Since there is a truth assignment in which the implication is true and there is a truth assignment in which it is false, the sentence is contingent.

i.

∀x.(p(x) ⇒ q(x)) ∧ ∃x.(p(x) ∧ ¬q(x))

The first conjunct tells us that, if p is true of an object, then q is also true. The second conjunct tells us that there is an object for which p is true but q is false. These two conditions cannot be satisfied by any truth assignment, so the sentence is nsatiisfiable.

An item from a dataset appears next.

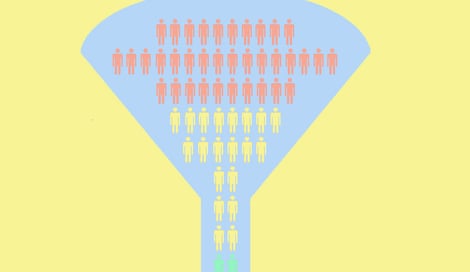 Imagen de Etapas y elementos de los embudos de conversión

Consider a world with two objects (named a and b), and consider the truth assignment shown below. In this case, the antecedent is true and the consequent is also true. Hence the sentence as a whole is true.

p(a)

→

1

p(b)

→

1

Now consider the following truth assignment. In this case, the antecedent is true, but the consequent is false. Hence the sentence as a whole is false.

p(a)

→

0

p(b)

→

1

Since there is one truth assignment that makes the sentence true and another that makes it false, the sentence is contingent.

j.

(∃x.p(x) ⇒ ∀x.q(x)) ∨ (∀x.q(x) ⇒ ∃x.r(x))

This sentence matches the pattern (φ ⇒ ψ) ∨ (ψ ⇒ χ). If ψ is true, then the first disjunct is true. If ψ is false, then the second disjunct is true. Consequently, the disjunction as a whole is always true.